Even though this works, it certainly wouldn’t win a beauty contest. But it captures pretty well what Python is actually doing behind the scenes!

A nested function that captures (some of) the local variables of its parent function is called a closure. If you just take the code of the function, i. e.:

def is_letter(c):
    return 'A' <= c <= 'Z' or 'a' <= c <= 'z' or c in special_chars

there is an unresolved (open) reference to special_chars in this code. Before Python can execute the code, it needs to close the open references in the code. If we build a closure of a function, we combine the function with a dictionary that gives a value for each open reference in the code.

Python builds closures in two steps. The code of a function has a list of free (open) variables, which you can access as f.__code__.co_freevars. Whenever you create a new function with def, Python finds a value for each of these free/open variables in the code, and then stores these values in a field called __closure__ (packed as a Cell, but we’ll cover that later).

def make_is_letter(special_chars: set):
    def is_letter(c):
        return 'A' <= c <= 'Z' or 'a' <= c <= 'z' or c in special_chars

    return is_letter

is_letter_A = make_is_letter({'_', '-', '?'})
print(is_letter_A.__code__.co_freevars)
print(is_letter_A.__closure__[0].cell_contents)

If you fancy, you can actually manipulate the captured variable (even though the adults will probably tell you not to do that):

is_letter_A.__closure__[0].cell_contents.add('!')

When you look closely at closures, you will see that Python is smart enough to figure out which variables are really needed in a function. Hence, it will not capture the entire local namespace of the surrounding function scope, but only what is really needed.

By the way: another way to inspect the closure of a function is, of course, through the inspect module:

import inspect
print(inspect.getclosurevars(is_letter_A))

Functions Are Objects

More than Code.

Traditionally, we tend to think of a function in the context of code. A function, that is a special part of your code, a part you can jump to, and then return from. In Python, however, functions are first-class objects: a function is not just a piece of code, but truly a full (data) object, and thus something you can store in a variable, or pass on as an argument, for instance. The code of a function is, of course, an important part of it. But there is other data stored along with it, such as values for its default arguments, or the variables needed to form the closure. There is thus a clear distinction between a function, and its code.

Whenever Python encounters a def statement, it creates a new function, that is a new function object. This does not mean that the function’s source code is recompiled. The code part of a function (which is an object, too), is created by the compiler only once, and then shared by all functions, which are created by the same def statement. But each time, Python will recompute values for the default parameters, and the closure variables. Naturally, you will only ever take notice of that if your function definition is executed more than once during a program’s execution; hence, if the function definition is inside a loop, or another (repeatedly called) function.

Conclusion

We have covered a lot of ground in today’s article. Something as seemingly innocuous as nesting functions quickly led to cases, where we had to think about keeping local variables alive.
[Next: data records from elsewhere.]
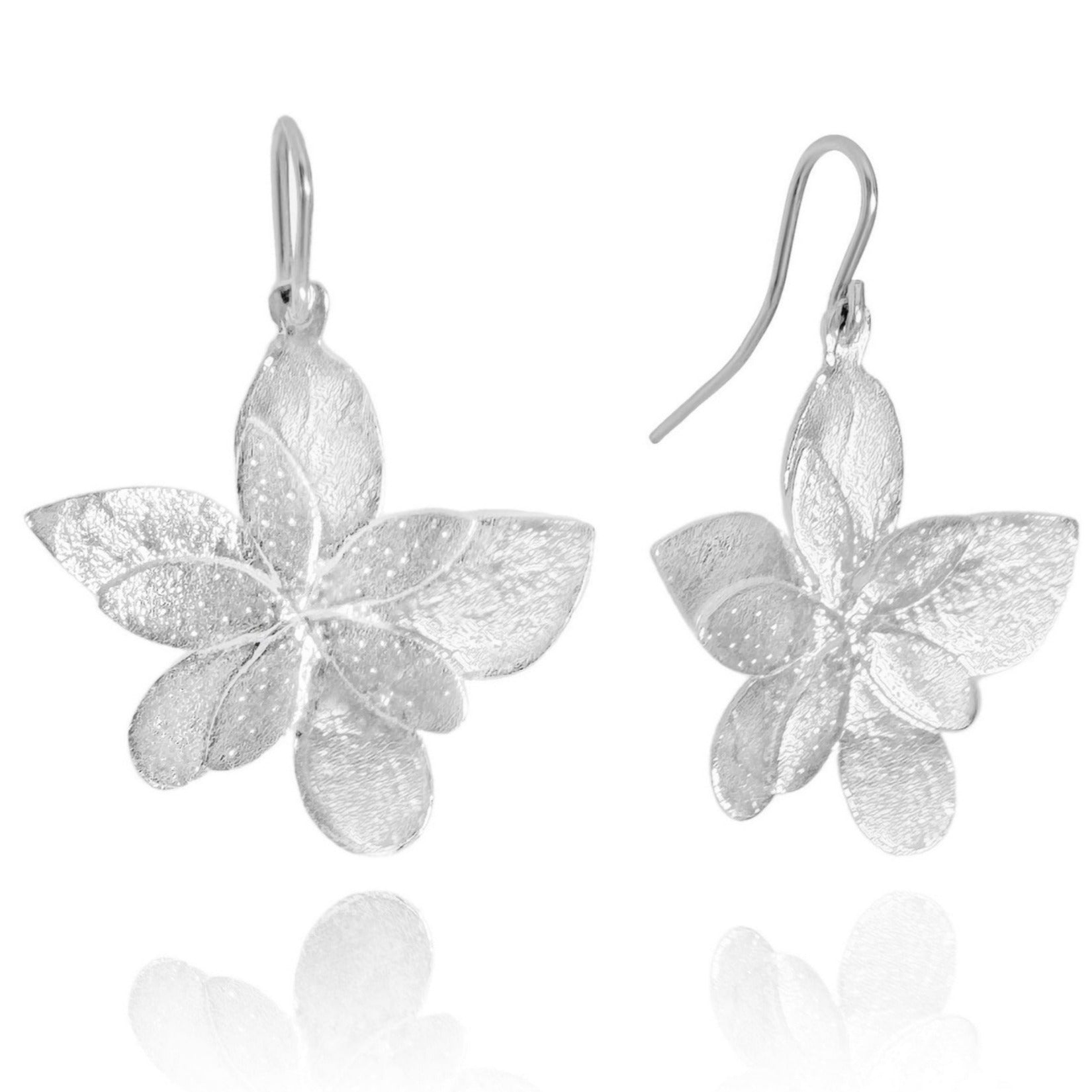 Petals Atop Petals Sterling Silver Dangle Earrings - Paz Lifestyle 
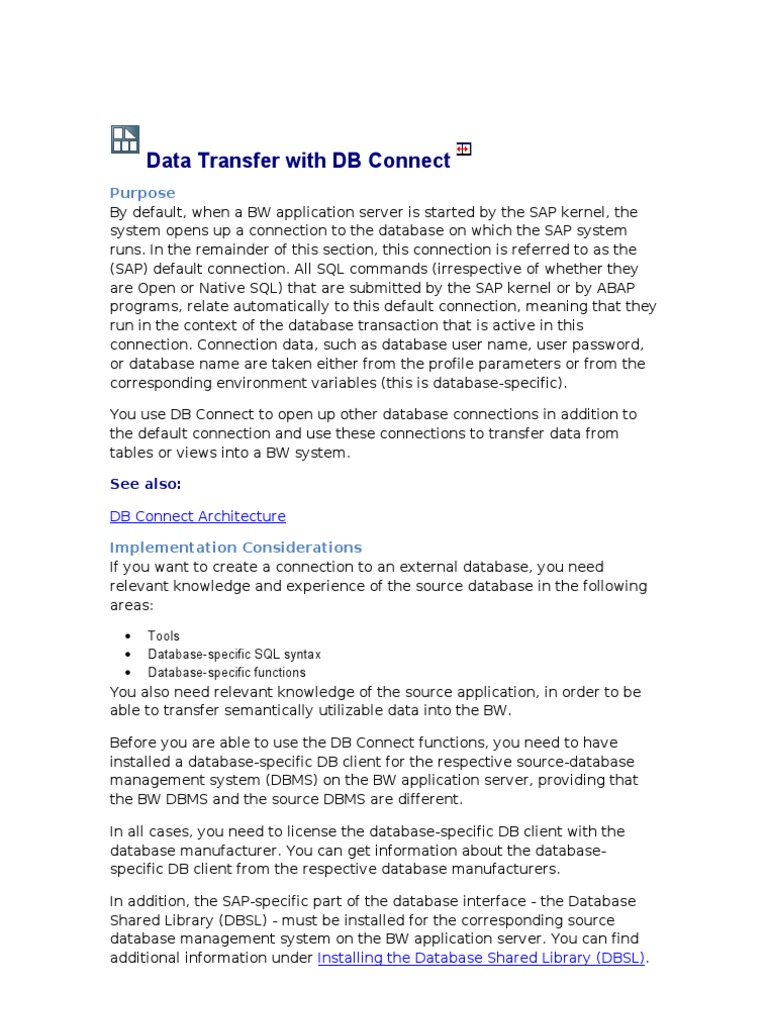 DB Connect for SAP Data Transfer | PDF | Library (Computing) | Databases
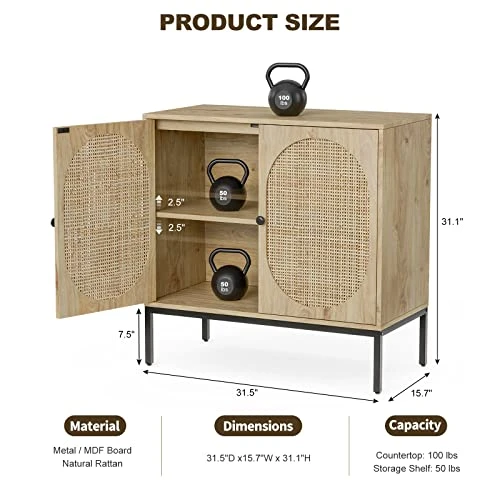 IKIFLY Set Of 2 Accent Storage Cabinet With Handmade Natural Rattan Doors - Rattan Sideboard Buffet Cabinet - Kitchen Cupboard Server Console Table For Dining Room, Bedroom, Hallway - Natural - Image 6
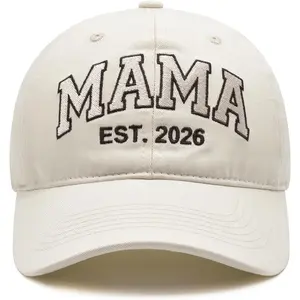 Mama EST 2026 Hat Cream-Colored Adjustable Embroidered Baseball Cap for Women New Moms Mother's Day Birthday Gifts New Moms Hat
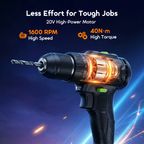 MaxDrill 20V Cordless Versatile Power Drill Driver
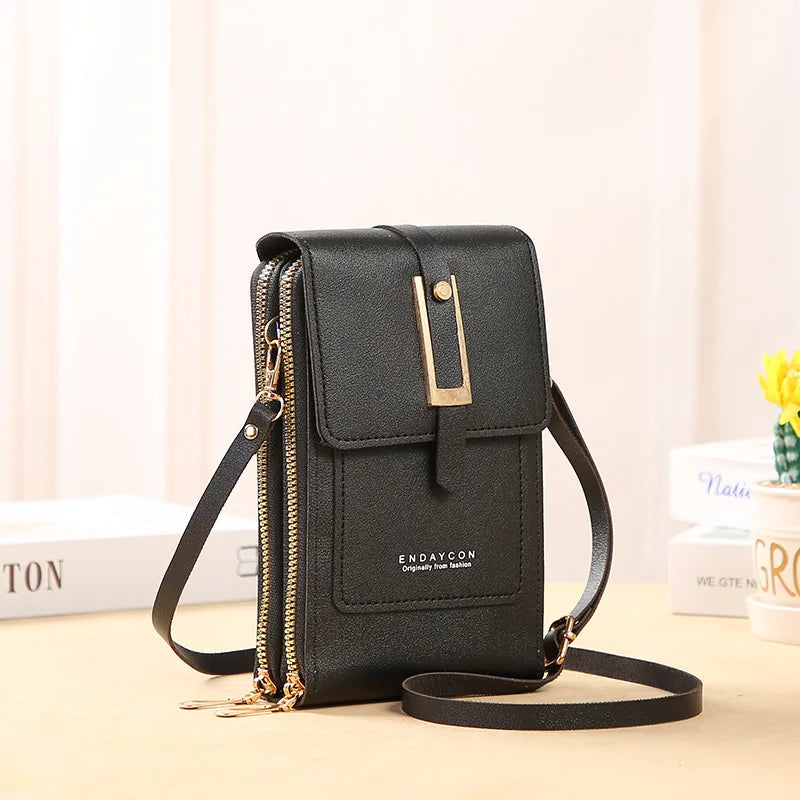 compact touchscreen crossbody bag for cards and ID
The technique used for this are closures. Doing this correctly is far from trivial, though, and there are some crucial issues we have not covered yet.

One of the take aways is that a function object in Python is not just the code. It has additional fields to capture the values of default arguments, and the surrounding scope, among others. If we combine the code of a function in this way with values for each of its (open/free) variables, it is called a closure. This makes function objects incredibly powerful.